The first example reported in the literature concerning the application of polymers with AIE characteristics in the field of materials with a mechanochromic fluorescent response was reported by S.Y. Park et al [94]. Notably, a cyano-substituted distyrylbenzene derivative (Figure 4a) was synthesized to show the characteristic AIE character, i.e. a highly enhanced emission in the solid state than in the solution. Noteworthy, the authors found that the AIEgen interchanges in the solid state from a metastable green-emitting G-phase to a thermodynamically stable blue-emitting B-phase as a result of external stimuli, such as heat, pressure and the vapors of volatile organic compounds. Both solid-state analogs show very high fluorescence quantum yields (around 60%) owing to the AIE characteristics. The origin for the chromogenic emission is attributed to the different directional shear-sliding capability of molecular sheets that are promoted by different modes of local dipole coupling, i.e. antiparallel or head-to-tail, which cause a substantial alternation of π-π overlap. The chromic response in the solid state was elegantly utilized by the authors to prepare fluorescent polymeric films with a multichromic response. Notably, cyano-substituted distyrylbenzene/PMMA blend films with a thickness of 50 nm were obtained by vacuum deposition and displayed fast-responding and reversible multistimuli luminescence switching (Figure 4b). Indeed, upon heating the film at 125 °C for 10 s, the green emission at 536 nm shifted to blue at 458 nm in correspondence of the G- to B-phase transition of the AIEgen characterized by the head-to-tail coupling. The metastable green-emitting G-phase was then restored with the application of a mechanical solicitation, such as a shear force that promotes the antiparallel coupling of the local dipoles of the dye. The final exposure of the whole films to vapors of volatile organic compounds (i.e., CH2Cl2 for 30 s), definitely erases the entire emission color to green (Figure 4b).
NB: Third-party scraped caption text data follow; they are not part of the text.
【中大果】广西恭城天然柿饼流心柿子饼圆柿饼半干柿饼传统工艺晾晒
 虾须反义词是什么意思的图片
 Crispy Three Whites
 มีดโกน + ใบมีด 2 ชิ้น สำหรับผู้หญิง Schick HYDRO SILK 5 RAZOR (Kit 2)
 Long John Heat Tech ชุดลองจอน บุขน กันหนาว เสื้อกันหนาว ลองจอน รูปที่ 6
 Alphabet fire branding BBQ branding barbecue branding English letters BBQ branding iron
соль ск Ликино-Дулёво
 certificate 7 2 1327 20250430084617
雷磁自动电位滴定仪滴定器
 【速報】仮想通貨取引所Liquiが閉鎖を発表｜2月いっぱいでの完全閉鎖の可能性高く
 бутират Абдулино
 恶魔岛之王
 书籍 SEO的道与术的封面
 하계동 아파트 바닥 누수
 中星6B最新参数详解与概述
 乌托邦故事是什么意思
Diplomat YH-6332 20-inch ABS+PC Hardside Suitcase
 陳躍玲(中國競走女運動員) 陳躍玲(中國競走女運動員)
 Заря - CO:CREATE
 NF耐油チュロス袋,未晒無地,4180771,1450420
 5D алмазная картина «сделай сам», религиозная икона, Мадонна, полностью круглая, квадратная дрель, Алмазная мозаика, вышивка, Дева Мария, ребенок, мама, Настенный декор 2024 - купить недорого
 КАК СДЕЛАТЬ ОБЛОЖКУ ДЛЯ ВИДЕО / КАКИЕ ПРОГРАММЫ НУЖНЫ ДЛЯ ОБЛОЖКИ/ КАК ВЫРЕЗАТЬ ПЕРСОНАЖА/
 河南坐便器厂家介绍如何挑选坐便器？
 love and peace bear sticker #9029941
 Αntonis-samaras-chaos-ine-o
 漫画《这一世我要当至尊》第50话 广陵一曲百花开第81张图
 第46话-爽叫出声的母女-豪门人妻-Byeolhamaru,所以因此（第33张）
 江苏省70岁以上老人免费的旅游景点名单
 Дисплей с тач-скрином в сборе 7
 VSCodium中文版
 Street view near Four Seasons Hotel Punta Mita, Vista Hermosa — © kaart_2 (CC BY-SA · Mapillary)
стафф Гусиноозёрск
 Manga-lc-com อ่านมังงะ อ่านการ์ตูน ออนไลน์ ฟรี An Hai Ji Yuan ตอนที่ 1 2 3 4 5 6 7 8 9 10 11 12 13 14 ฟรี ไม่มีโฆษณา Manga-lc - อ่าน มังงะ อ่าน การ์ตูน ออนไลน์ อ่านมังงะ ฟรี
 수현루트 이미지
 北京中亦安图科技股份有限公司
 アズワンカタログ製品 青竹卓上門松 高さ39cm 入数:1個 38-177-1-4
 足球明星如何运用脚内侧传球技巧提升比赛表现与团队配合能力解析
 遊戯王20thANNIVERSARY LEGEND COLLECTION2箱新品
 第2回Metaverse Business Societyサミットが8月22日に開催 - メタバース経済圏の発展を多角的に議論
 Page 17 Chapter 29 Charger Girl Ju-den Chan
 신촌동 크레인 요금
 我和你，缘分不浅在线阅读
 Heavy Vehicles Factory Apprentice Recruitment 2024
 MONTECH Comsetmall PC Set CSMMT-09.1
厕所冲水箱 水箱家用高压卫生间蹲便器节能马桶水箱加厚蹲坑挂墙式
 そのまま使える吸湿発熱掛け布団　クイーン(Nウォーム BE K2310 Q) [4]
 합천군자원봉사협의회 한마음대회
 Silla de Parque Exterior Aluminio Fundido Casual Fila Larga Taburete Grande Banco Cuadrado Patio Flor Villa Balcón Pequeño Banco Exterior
Tetraphenylethylene (TPE), i.e. one of the classic building moieties of most of the investigated AIEgens [95], was then proposed as a lead character for the preparation of mechanochromic fluorescent polymer films following both the physically mixing and the covalent linkage approach. For example, TPE was firstly utilized in polymer films based on styrene-containing elastomers as reversible mechanochromic fluorescent devices.
This work was initially designed to determine the phase dispersion behavior of TPE in phase-separated domains of the poly(b-styrene-b-butadiene-b-styrene) (SBS) thermoplastic elastomer [96]. It was actually found that the TPE emission at room temperature resulted as being enhanced in SBS films. The block morphology of SBS actually enabled the presence of glassy, styrenic island-like phases characterized by more emitting features compared to the corresponding amorphous but no glassy character of the poly(styrene-co-butadiene) random (SBR) copolymer. SBS films containing the 0.01 wt % of TPE obtained by solution casting from chloroform mixtures were also found extremely responsive towards uniaxial deformation. As soon as the films experience mechanical drawing at a draw ratio higher than 1, the typical emission of TPE aggregated at about 460 nm collapses (Figure 5a), flanked by a clearly visible ON-OFF behavior, as detected by the irradiation with a long-range UV lamp at 366 nm (Figure 5b).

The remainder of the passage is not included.